=== Begin Enclosure ===

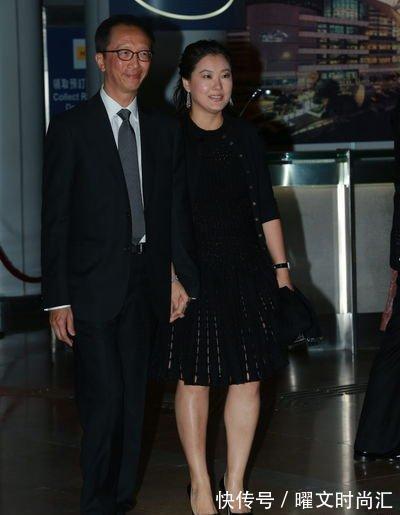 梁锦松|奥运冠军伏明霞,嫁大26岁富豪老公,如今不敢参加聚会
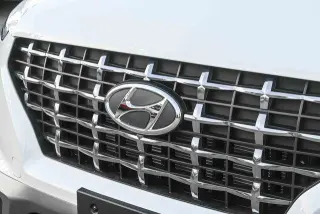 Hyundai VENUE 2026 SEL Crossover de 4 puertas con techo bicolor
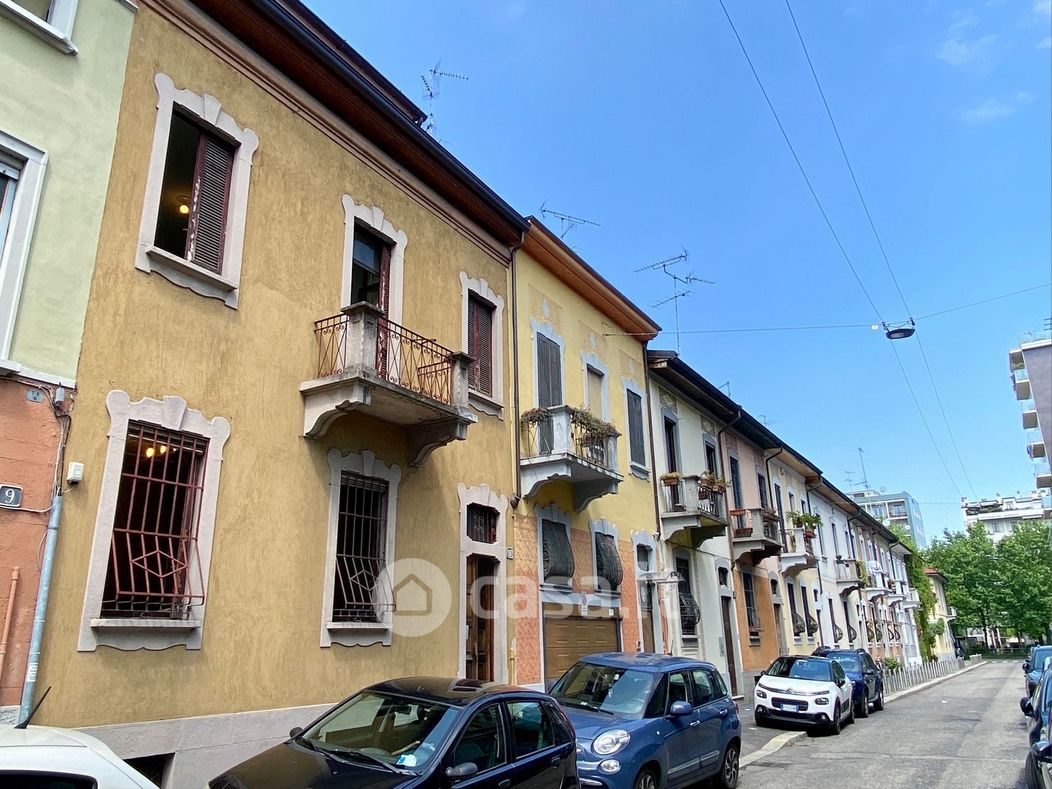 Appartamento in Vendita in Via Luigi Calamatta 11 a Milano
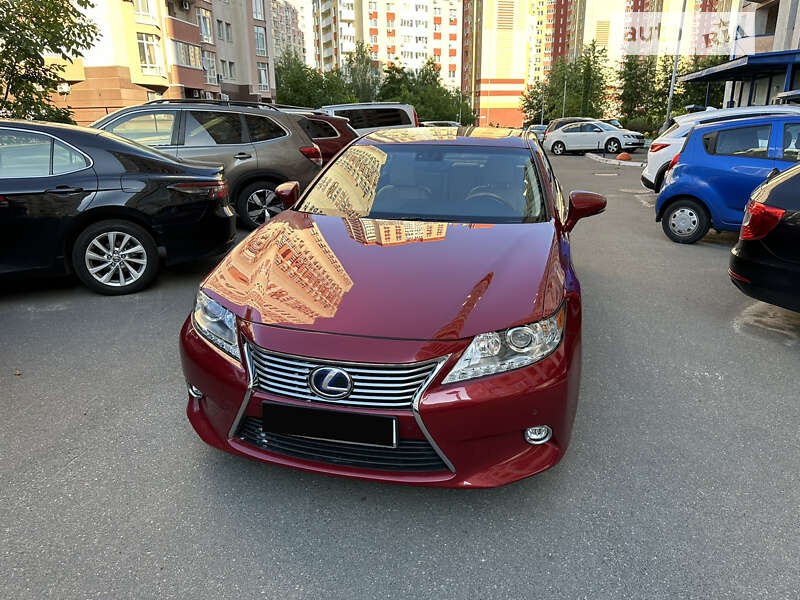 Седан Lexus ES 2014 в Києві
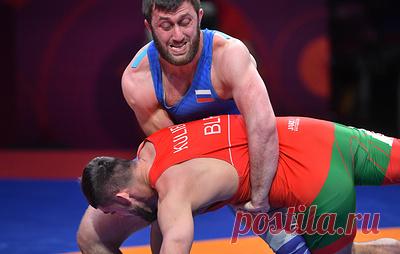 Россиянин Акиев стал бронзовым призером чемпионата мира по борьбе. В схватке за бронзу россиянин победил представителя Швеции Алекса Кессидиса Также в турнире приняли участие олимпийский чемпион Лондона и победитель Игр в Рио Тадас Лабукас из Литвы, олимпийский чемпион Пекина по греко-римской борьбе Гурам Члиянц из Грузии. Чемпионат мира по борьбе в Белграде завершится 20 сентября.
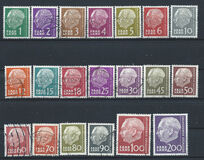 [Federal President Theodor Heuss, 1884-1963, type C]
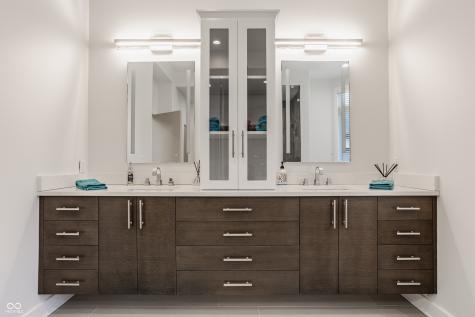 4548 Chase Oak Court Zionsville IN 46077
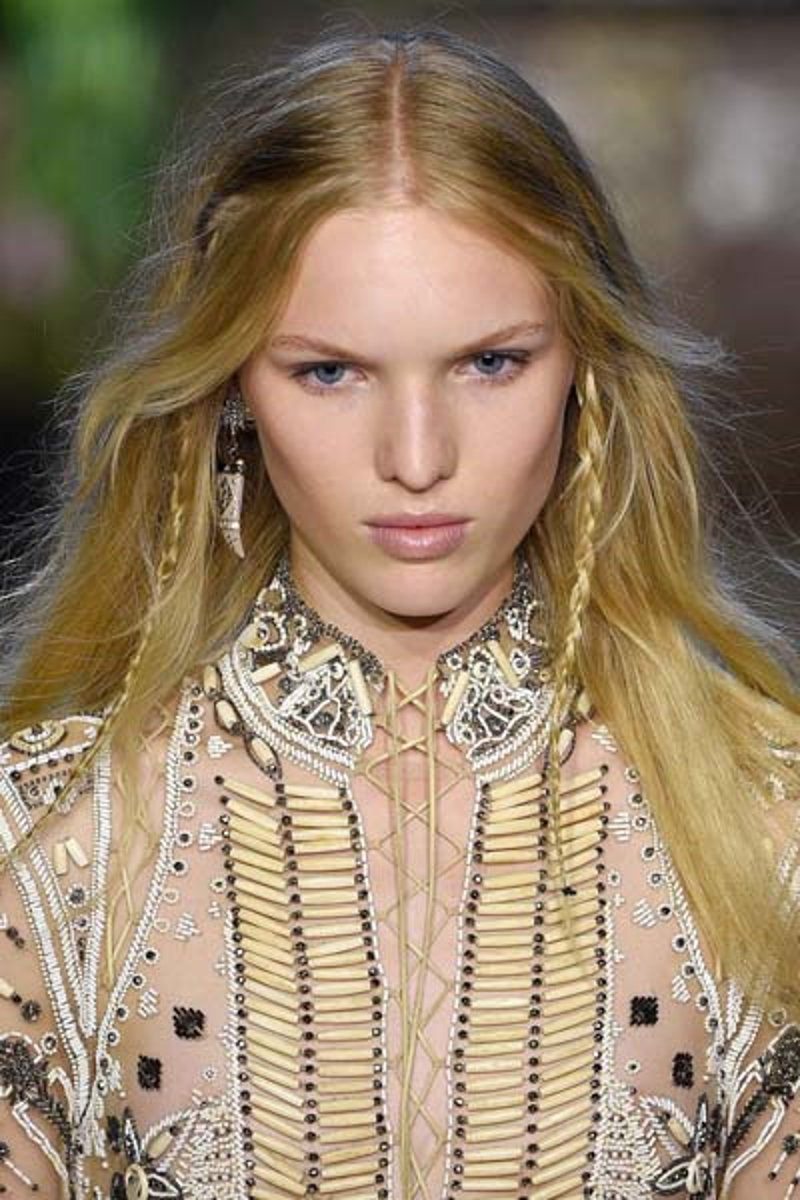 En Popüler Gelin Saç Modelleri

=== End Enclosure ===
=== Begin Enclosure ===

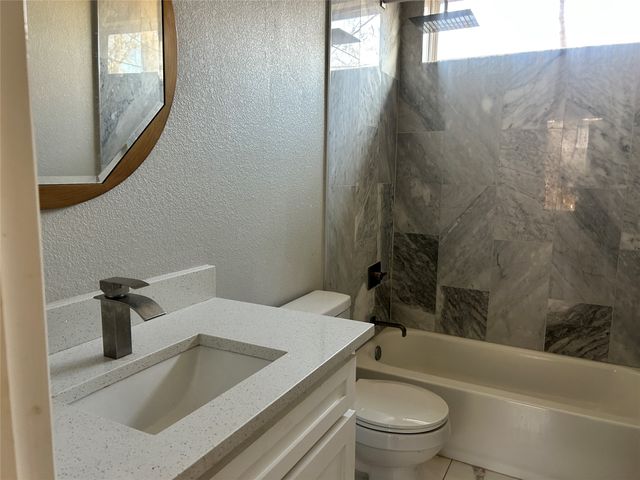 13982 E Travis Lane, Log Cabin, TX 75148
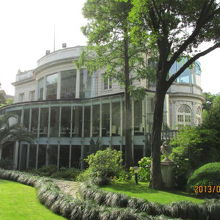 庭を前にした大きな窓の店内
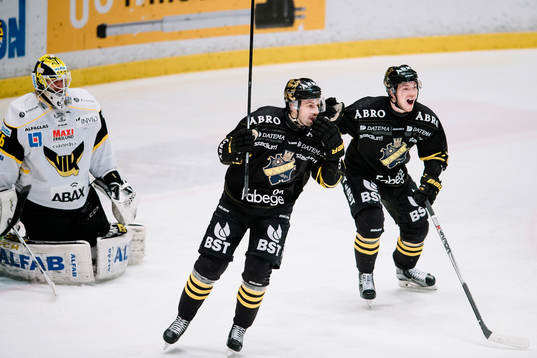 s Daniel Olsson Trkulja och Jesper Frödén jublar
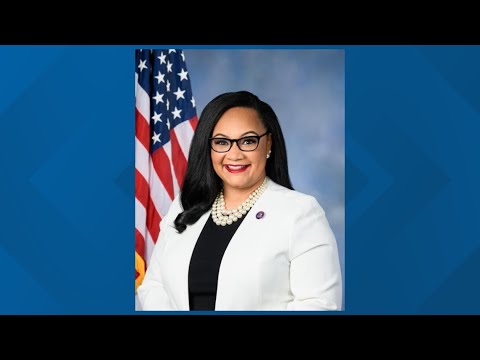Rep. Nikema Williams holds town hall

=== End Enclosure ===

Work instruction:
Using the data above, transcribe exactly the lines between those containing "[Federal President Theodor" and "En Popüler Gelin Saç Modelleri", inclusive, and leave every picture behind.

Completed task:
 [Federal President Theodor Heuss, 1884-1963, type C]
 4548 Chase Oak Court Zionsville IN 46077
 En Popüler Gelin Saç Modelleri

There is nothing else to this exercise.